Is there no easier way to do it, such as just grind some beans in a grinder/blender then put into a cup, and add hot water?

If so can anyone recommend a cheap grinder and some decent beans to get?

And how many beans would be enough for 1 strong cup?


----------



## coffeechap (Apr 5, 2012)

and so your coffee journey begins....

not sure what you mean by bulletproof coffee is that a brand?

essentially to make coffee from the simplest method, is to use a caffetiere or aeropress, you will of course need either item and a grinder and some beans.

grinder wise, it all depends on your budget and what expectations you have of the final drink, investing in a great grinder would mean that other brew methods would be acheivable in the future, e.g espresso, but gives us an idea of how much you have to spend and then we can point you in the right direction...


----------



## Mrboots2u (May 10, 2013)

Bulletproof coffee It's coffee made with butter


----------



## Neill (Jun 26, 2013)

Mrboots2u said:


> Bulletproof coffee It's coffee made with butter


Is that a thing?


----------



## Mrboots2u (May 10, 2013)

Neill said:


> Is that a thing?


Yep google it ....


----------



## urbanbumpkin (Jan 30, 2013)

I've had butter tea which is big with Tibetans. Which is basically yak butter and boiling water. I'm sure it's great to keep you alive in the mountain but not for me.

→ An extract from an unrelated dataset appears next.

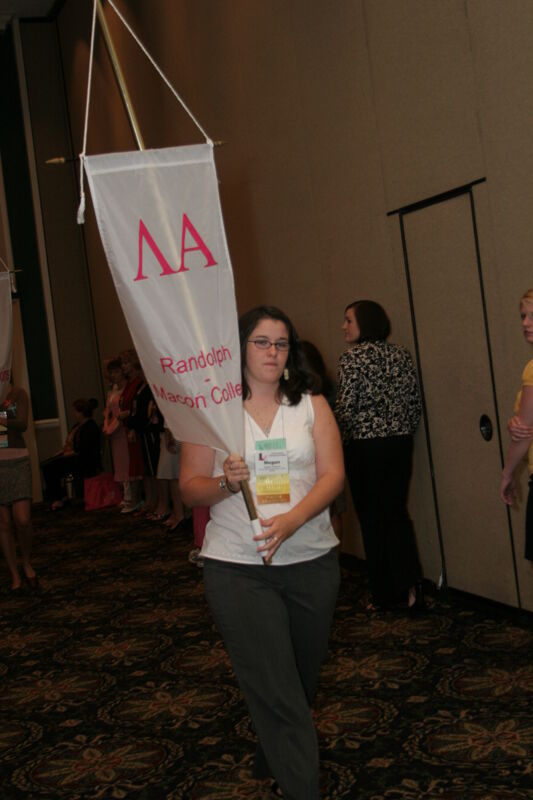Lambda Alpha Chapter Flag in Convention Parade Photograph 2, July 2006 (Image)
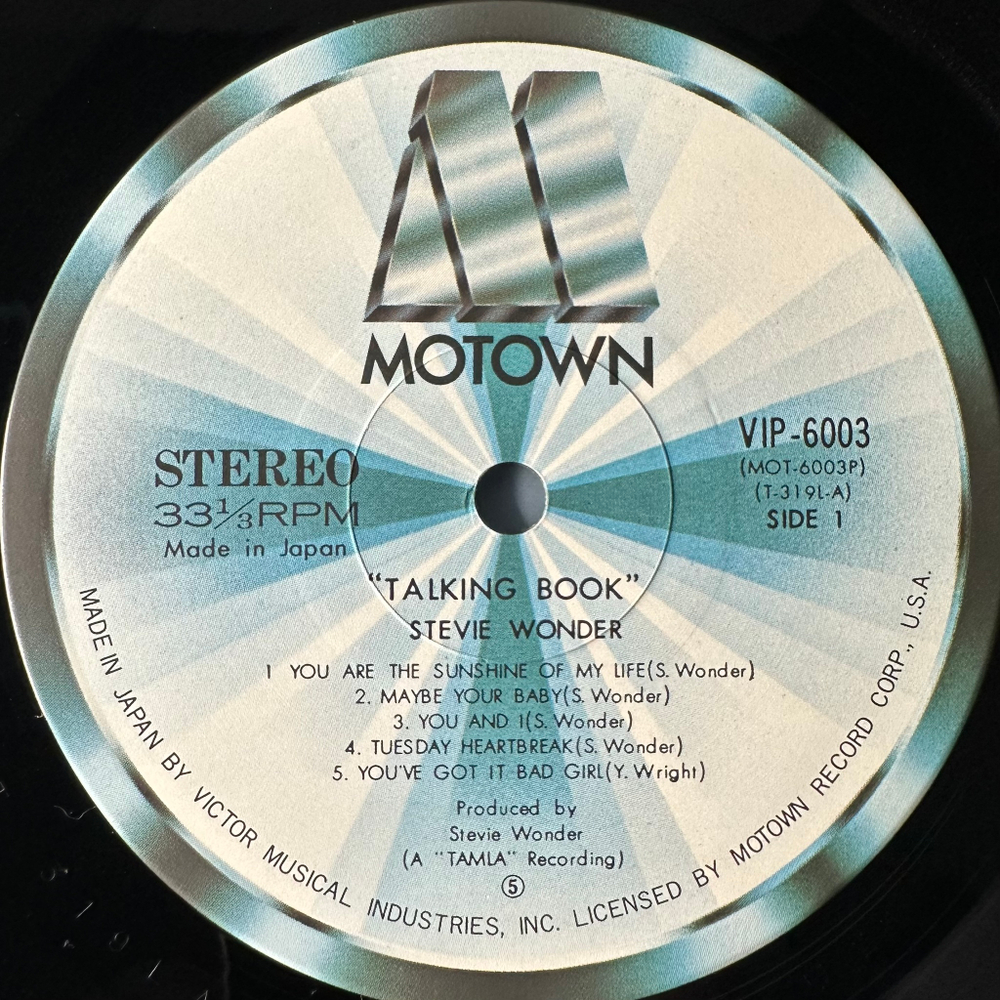 Stevie Wonder ‎– Talking Book (Япония 1977г.)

I was desperately trying to avoid "not my cup of tea" in that sentence. Maybe butter coffee might add a bit more flavour?


----------



## Neill (Jun 26, 2013)

This just doesn't do anything for me.


----------



## El carajillo (Mar 16, 2013)

YUKKK:bad:







:exit:Could be YAK


----------



## urbanbumpkin (Jan 30, 2013)

Neill said:


> This just doesn't do anything for me.


Looks so wrong doesn't it. I'm oooot!


----------



## coffeechap (Apr 5, 2012)

i know perhaps try it with peanut butter


----------



## Neill (Jun 26, 2013)

coffeechap said:


> i know perhaps try it with peanut butter


It's amazing what you can find on google.


----------



## coffeechap (Apr 5, 2012)

ha ha that is brilliant


----------



## urbanbumpkin (Jan 30, 2013)

Peanut butter tea.....Floaty fatty nutty goodness! I can't look at it anymore


----------



## Anthorn (Sep 14, 2013)

waxor said:


> Hi all.
> 
> I never really drink coffee, infact I am completely clueless when it comes to coffee/tea.
> 
> ...


If you want to try it before you lay your cash on the table for beans, grinder and brewing equipment, try a blend from the former Indochina which traditionally includes butter or margarine although these days it has largely disappeared. Both blends from Saigon Coffee Company include margarine and are pre-ground and strong. If you want to go the whole Vietnamese hog you'll need a Phin filter, a lot cheaper than a cafetiere, and some sweetened, whole milk, condensed milk, Ong Tho and Longevity Brand (pricey to buy online) or ASDA own brand. Here's a link: http://www.saigoncoffeecompany.com/#!ourrange/c1x4z


----------



## Java Jive (Sep 21, 2013)

Your cheapest option is buying a cafetiere from a supermarket (about £10-£15), or an Aeropress (about £20-£25) and a small hand grinder like the Hario Skerton or Porlux from one of the online coffee bean roasters (about £25-£40). The beans you buy are according to your taste but I did see a tweet to hasbean.co.uk the other day asking for a bulletproof bean recommendation but they took it to email to conclude.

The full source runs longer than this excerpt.